Was einen Zusammenhang zwischen Flashback-Phänomenen und veränderten Wachbewusstseinszuständen
(VWB) betrifft, so ist Dittrich [72] zuzustimmen, dass VWB eine Struktur mutueller Ähnlichkeiten bilden und unabhängig
von der Art ihrer Auslösung einen gemeinsamen invarianten Kern haben. So können ähnliche
Erfahrungen, wie sie unter Flashbacks vielfach berichtet wurden, auch unter sensorischer
Deprivation, Reizüberflutung, Hypnose, Meditation, hypnagogen und hypnopompen Zuständen auftreten.
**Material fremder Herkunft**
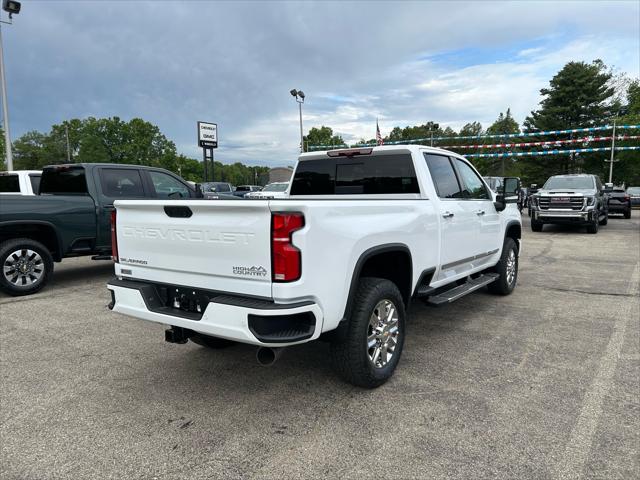 2026 Chevrolet Silverado 3500HD Crew Cab, Standard Bed, High Country, 4WD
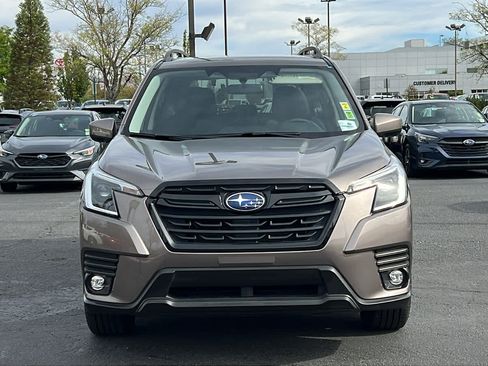 Used 2024 Subaru Forester Premium AWD/4WD image 2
Die in der Regel sehr kurz dauernden psychoaktiven Stimuli können nur einen auf wenige
Stunden begrenzten Flashback auslösen, was diesen von der überwiegenden Mehrzahl psychiatrischer
Störungsbilder klar unterscheidet.
Die klassifikatorische Gleichsetzung von Flashback-Pänomenen und HPPD ist nach ICD-10
und DSM-5 aufgrund der unterschiedlichen diagnostischen Merkmale und des völlig unterschiedlichen
Zeitverlaufs nicht mehr gerechtfertigt.
Es ist davon auszugehen, dass Flashback-Phänomene und HPPD als Nachwirkung von Halluzinogenkonsum
durch individuell unterschiedliche Ätiologien gekennzeichnet sein können. Neben HPPD-assoziiertem
Halluzinogenkonsum dürften Alkohol, der Konsum anderer illegaler Drogen, insbesondere
psychiatrische Komorbidität mit psychotraumatischen Erlebnissen in unterschiedlicher
individueller Gewichtung in einem Ursachengefüge zusammenwirken.